§ Exercise instructions
What you return must match the listing below exactly.

§ Data to examine
= = = = =
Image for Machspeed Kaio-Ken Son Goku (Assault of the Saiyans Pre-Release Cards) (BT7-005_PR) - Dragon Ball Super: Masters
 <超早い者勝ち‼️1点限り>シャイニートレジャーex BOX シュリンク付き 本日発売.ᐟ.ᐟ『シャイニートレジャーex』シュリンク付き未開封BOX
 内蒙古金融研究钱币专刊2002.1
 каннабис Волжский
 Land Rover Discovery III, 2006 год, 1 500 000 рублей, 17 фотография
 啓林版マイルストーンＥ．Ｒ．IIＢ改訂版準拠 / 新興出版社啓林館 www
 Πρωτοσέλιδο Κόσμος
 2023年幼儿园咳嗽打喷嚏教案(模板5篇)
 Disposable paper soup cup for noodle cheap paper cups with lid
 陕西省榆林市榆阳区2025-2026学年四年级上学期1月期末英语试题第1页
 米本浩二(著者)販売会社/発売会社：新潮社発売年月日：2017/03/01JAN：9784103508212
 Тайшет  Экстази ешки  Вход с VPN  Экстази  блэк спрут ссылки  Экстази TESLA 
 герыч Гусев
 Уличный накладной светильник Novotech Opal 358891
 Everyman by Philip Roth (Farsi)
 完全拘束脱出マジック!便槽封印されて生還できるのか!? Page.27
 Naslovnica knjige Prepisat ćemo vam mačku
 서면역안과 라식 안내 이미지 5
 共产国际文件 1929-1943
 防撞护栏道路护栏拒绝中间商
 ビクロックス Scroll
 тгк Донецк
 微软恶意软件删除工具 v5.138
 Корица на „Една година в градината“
= = = = =
§ Exercise response
Image for Machspeed Kaio-Ken Son Goku (Assault of the Saiyans Pre-Release Cards) (BT7-005_PR) - Dragon Ball Super: Masters
 <超早い者勝ち‼️1点限り>シャイニートレジャーex BOX シュリンク付き 本日発売.ᐟ.ᐟ『シャイニートレジャーex』シュリンク付き未開封BOX
 内蒙古金融研究钱币专刊2002.1
 каннабис Волжский
 Land Rover Discovery III, 2006 год, 1 500 000 рублей, 17 фотография
 啓林版マイルストーンＥ．Ｒ．IIＢ改訂版準拠 / 新興出版社啓林館 www
 Πρωτοσέλιδο Κόσμος
 2023年幼儿园咳嗽打喷嚏教案(模板5篇)
 Disposable paper soup cup for noodle cheap paper cups with lid
 陕西省榆林市榆阳区2025-2026学年四年级上学期1月期末英语试题第1页
 米本浩二(著者)販売会社/発売会社：新潮社発売年月日：2017/03/01JAN：9784103508212
 Тайшет  Экстази ешки  Вход с VPN  Экстази  блэк спрут ссылки  Экстази TESLA 
 герыч Гусев
 Уличный накладной светильник Novotech Opal 358891
 Everyman by Philip Roth (Farsi)
 完全拘束脱出マジック!便槽封印されて生還できるのか!? Page.27
 Naslovnica knjige Prepisat ćemo vam mačku
 서면역안과 라식 안내 이미지 5
 共产国际文件 1929-1943
 防撞护栏道路护栏拒绝中间商
 ビクロックス Scroll
 тгк Донецк
 微软恶意软件删除工具 v5.138
 Корица на „Една година в градината“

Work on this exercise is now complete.